Brief
The data should be written out in full, exactly as it stands, and the pictures dropped.

Source data
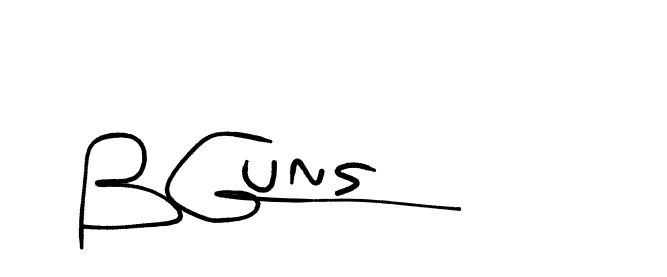 File:Signature.png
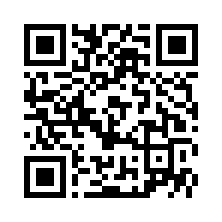 QR Code for 1CcYEXXfnoEEHaTPnAh55UyWWA7V8Yy6Ne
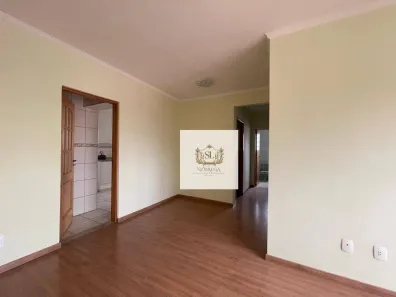 Apartamento com 2 Quartos à venda, 76m² no Mirandópolis, São Paulo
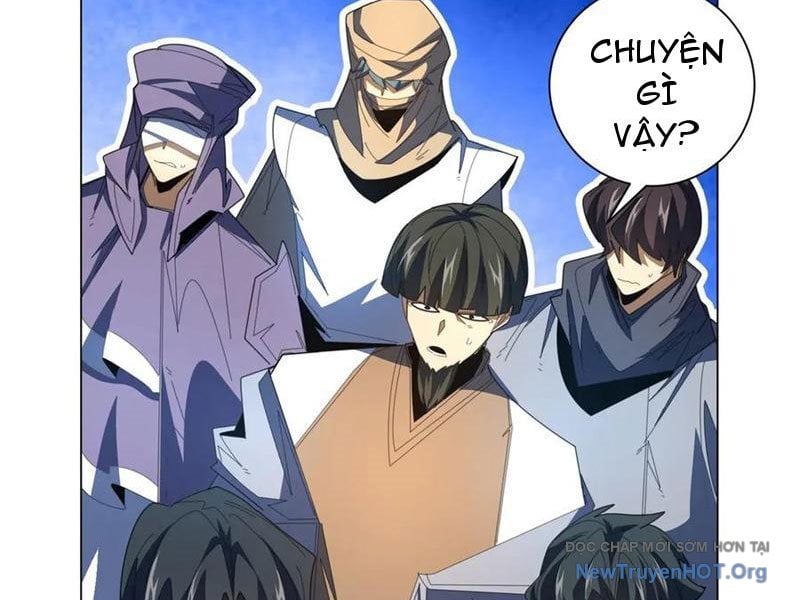 Ta Thành Vương Giả Từ Khắc Kim: Chapter 35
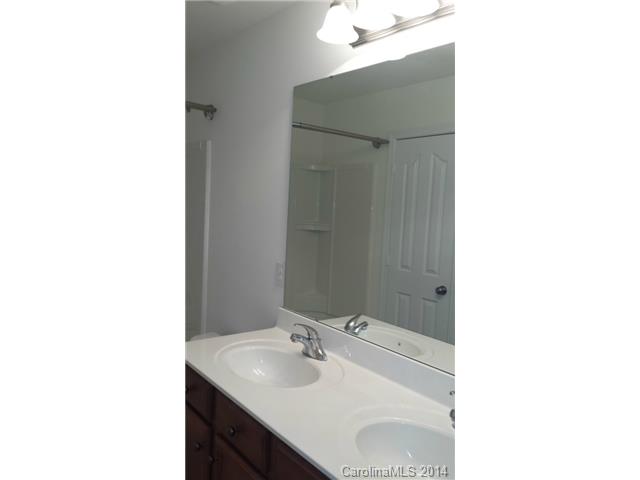 416 Lindpoint Ln, Monroe, NC 28110 photo 14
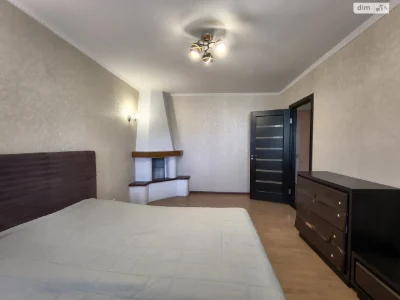 Продажа квартиры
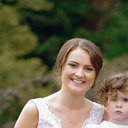 Nuala Mcnicholas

Solution to the problem
 File:Signature.png
 QR Code for 1CcYEXXfnoEEHaTPnAh55UyWWA7V8Yy6Ne
 Apartamento com 2 Quartos à venda, 76m² no Mirandópolis, São Paulo
 Ta Thành Vương Giả Từ Khắc Kim: Chapter 35
 416 Lindpoint Ln, Monroe, NC 28110 photo 14
 Продажа квартиры
 Nuala Mcnicholas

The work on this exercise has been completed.